◆ **The records**
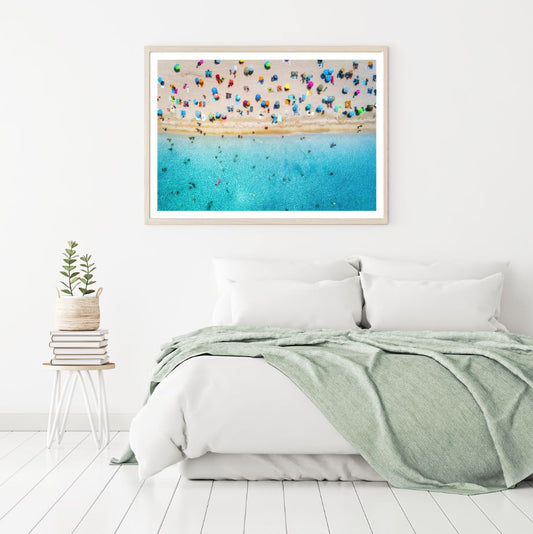 Sea with Tourists Aerial View Home Decor Premium Quality Poster Print Choose Your Sizes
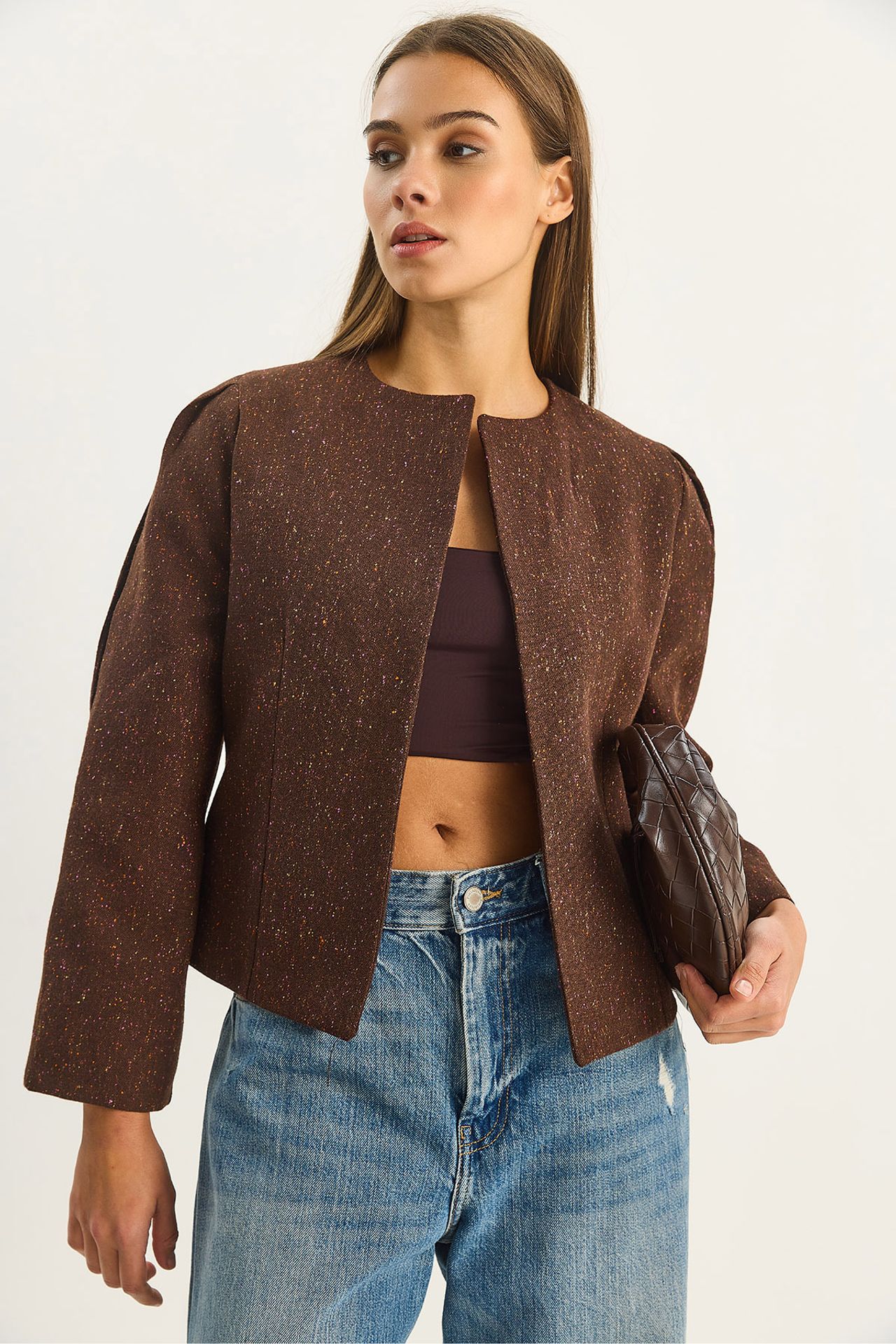 LUCCI Textured Open Collar Lined Jacket 5
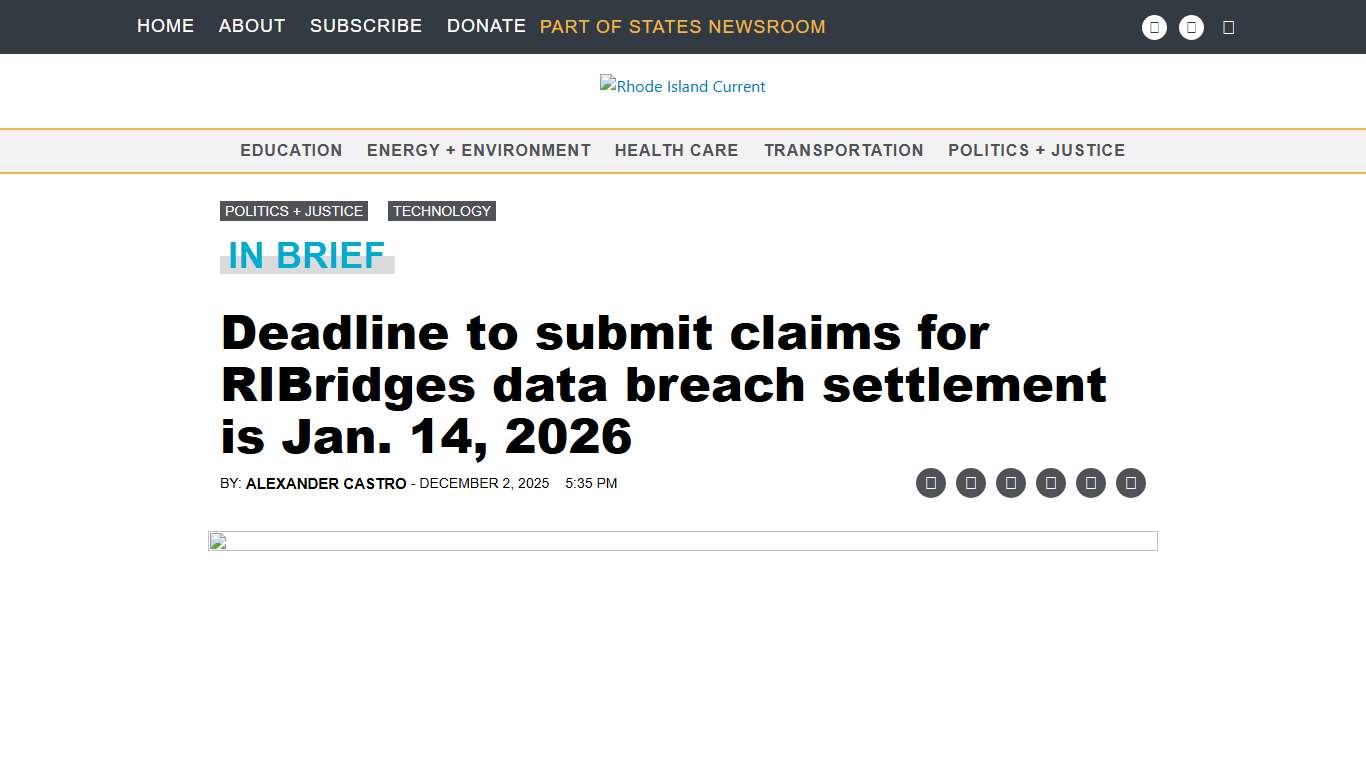 Deadline to submit claims for RIBridges data breach settlement is Jan. 14, 2026 • Rhode Island Current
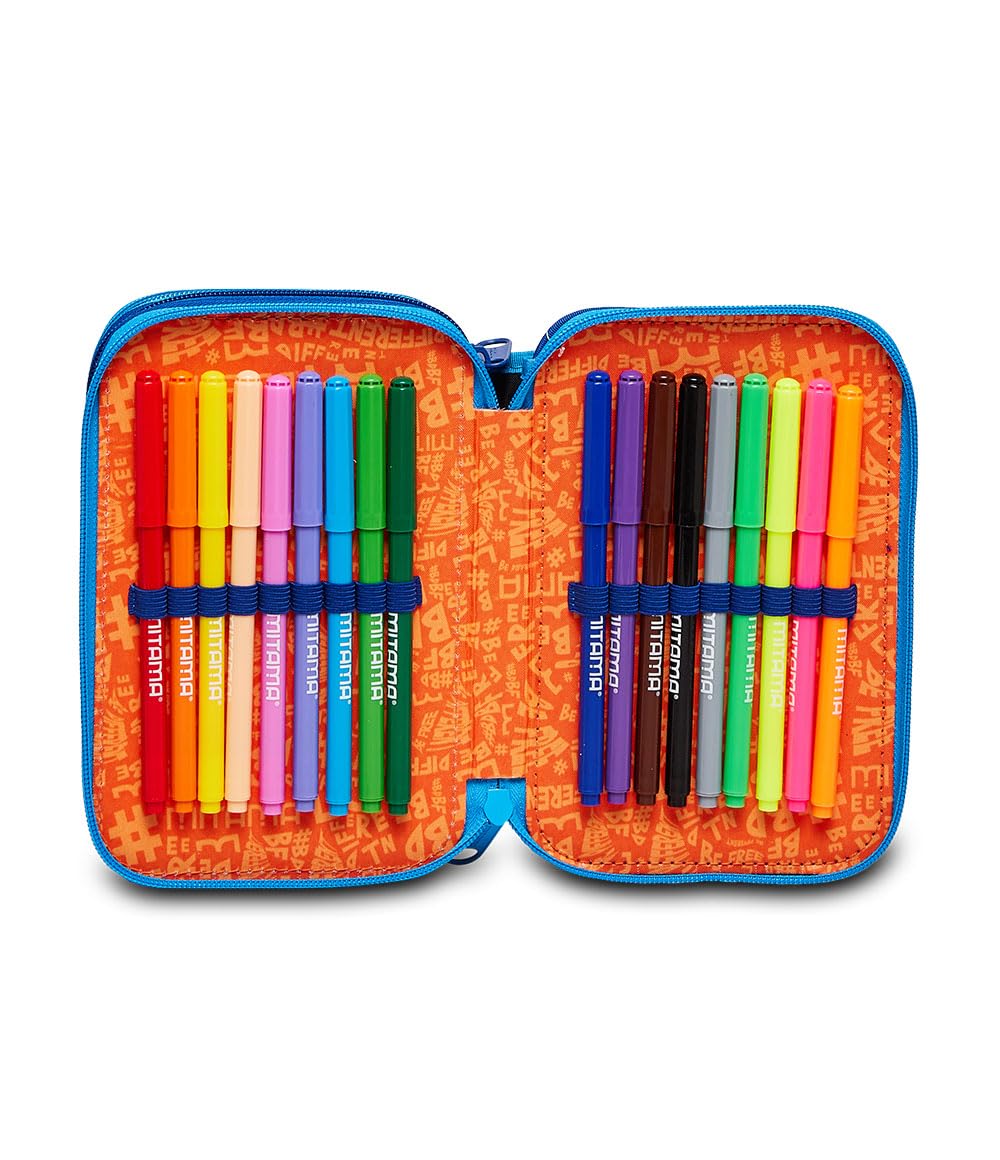 Mitama ASTUCCIO 3 Zip, Children and Boys 3 Zip CASE, Blue, Taglia Unica - Image 3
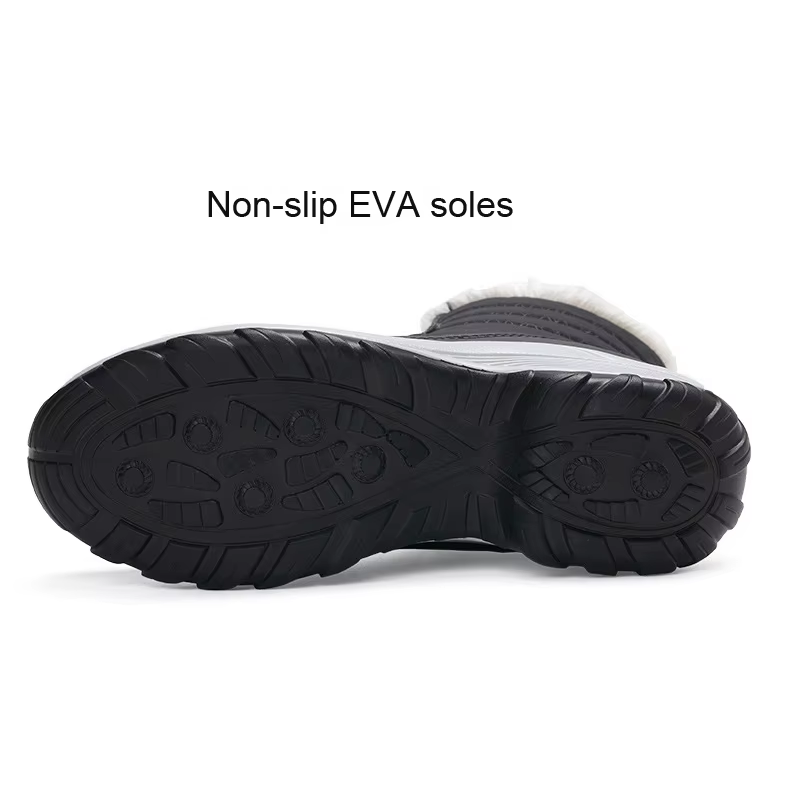 Women's waterproof winter boots with lining and non-slip soles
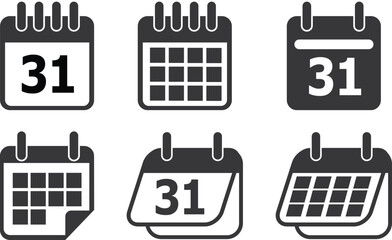 Minimal Calendar Icons Set for Web and App Interface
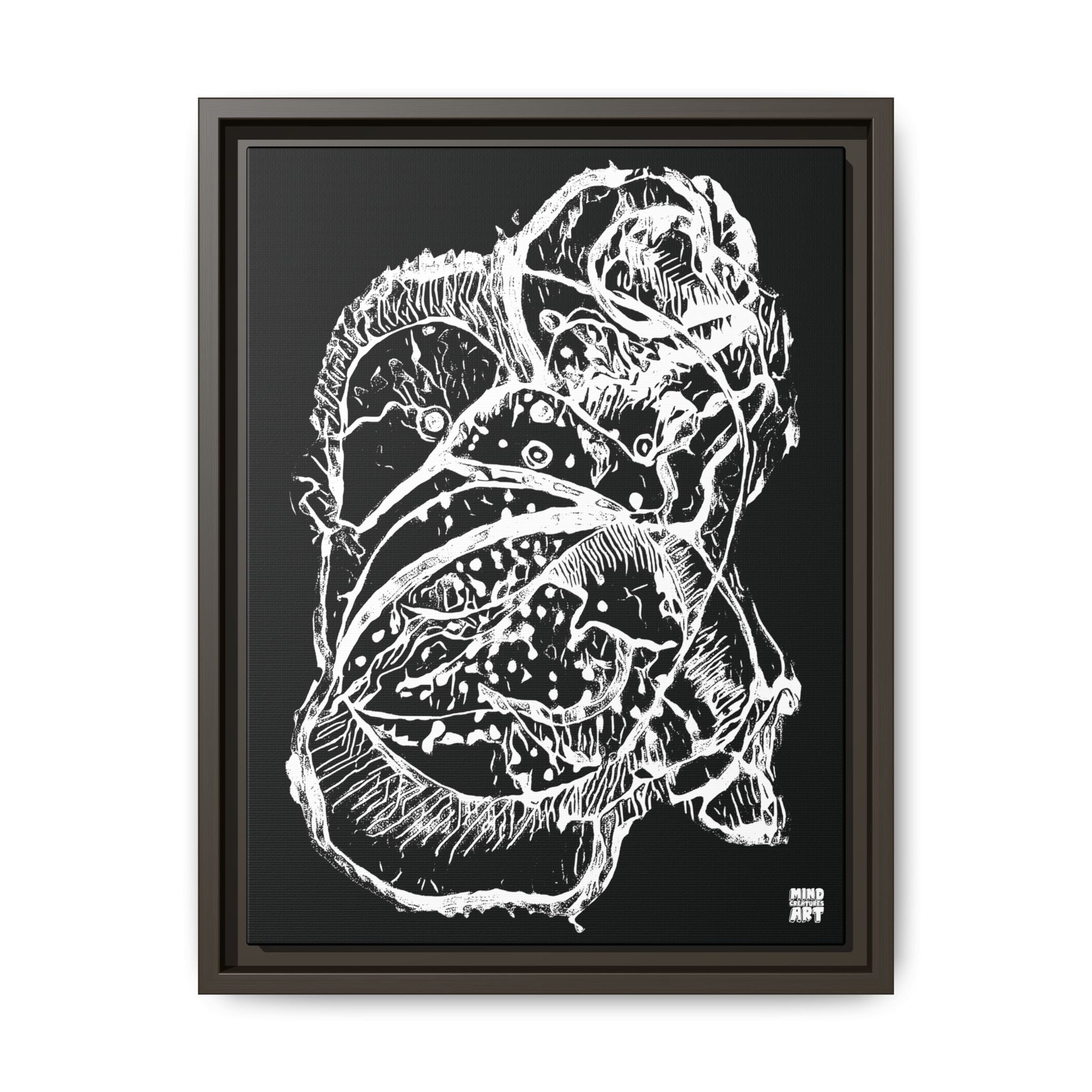 Exploration (White, Black Background) Matte Canvas, Framed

◆ **Task objective**
From the line with "LUCCI Textured Open Collar Lined Jacket 5" down to the end of the entries, retype each line exactly as written, but drop the pictures.

◆ **Expected answer**
 LUCCI Textured Open Collar Lined Jacket 5
 Deadline to submit claims for RIBridges data breach settlement is Jan. 14, 2026 • Rhode Island Current
 Mitama ASTUCCIO 3 Zip, Children and Boys 3 Zip CASE, Blue, Taglia Unica - Image 3
 Women's waterproof winter boots with lining and non-slip soles
 Minimal Calendar Icons Set for Web and App Interface
 Exploration (White, Black Background) Matte Canvas, Framed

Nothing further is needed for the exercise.